Germany has reached a historic milestone in its automotive market as electric vehicles outsold petrol-powered cars for the first time in March 2026, according to official data released by the Federal Motor Transport Authority (KBA) in Flensburg on Tuesday. The data shows that 70,663 newly registered passenger cars were purely electric, representing 24 percent of all new vehicle registrations for the month. In comparison, registrations of new petrol vehicles declined by 4.9 percent year-over-year to 66,959 units.
The new car market demonstrated robust growth in March and throughout the first quarter of 2026. A total of 294,161 brand-new passenger vehicles were registered in the third month of the year, marking a 16 percent increase compared to the same period in 2025. For the entire first quarter, the market recorded growth of 5.2 percent.

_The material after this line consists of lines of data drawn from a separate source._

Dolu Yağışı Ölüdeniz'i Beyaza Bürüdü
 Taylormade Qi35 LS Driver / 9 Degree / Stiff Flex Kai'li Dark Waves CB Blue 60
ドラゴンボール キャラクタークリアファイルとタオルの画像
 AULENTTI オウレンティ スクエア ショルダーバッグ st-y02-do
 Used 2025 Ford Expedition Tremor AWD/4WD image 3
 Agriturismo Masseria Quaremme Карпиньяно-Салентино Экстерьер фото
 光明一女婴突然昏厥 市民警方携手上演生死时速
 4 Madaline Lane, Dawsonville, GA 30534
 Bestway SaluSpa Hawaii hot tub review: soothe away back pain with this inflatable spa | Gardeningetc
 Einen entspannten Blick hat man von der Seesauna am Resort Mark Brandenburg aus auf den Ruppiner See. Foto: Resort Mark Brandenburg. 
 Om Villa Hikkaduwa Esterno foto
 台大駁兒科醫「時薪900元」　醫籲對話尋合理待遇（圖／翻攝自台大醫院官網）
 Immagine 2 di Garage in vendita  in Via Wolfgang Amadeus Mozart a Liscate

New electric vehicle registrations experienced particularly strong growth, surging 66.2 percent compared to March 2025. Meanwhile, diesel vehicle sales showed a marginal decline of 0.6 percent during the same period. Hybrid vehicles maintained the largest market share at approximately 40 percent. Nearly 118,000 hybrid vehicles were newly registered in March, including close to 30,000 plug-in hybrids.
"The German new car market is gaining momentum again," stated consulting firm EY. "The strong performance in March compensates for the disappointing development in the first two months of the year."
However, EY expert Constantin Gall cautioned against expecting continued substantial growth. "The framework conditions remain poor, and nothing is likely to change in the foreseeable future," he explained. "The economy is weakening, ever-new geopolitical crises and armed conflicts are massively dampening sentiment, unemployment is rising, and no turnaround is in sight."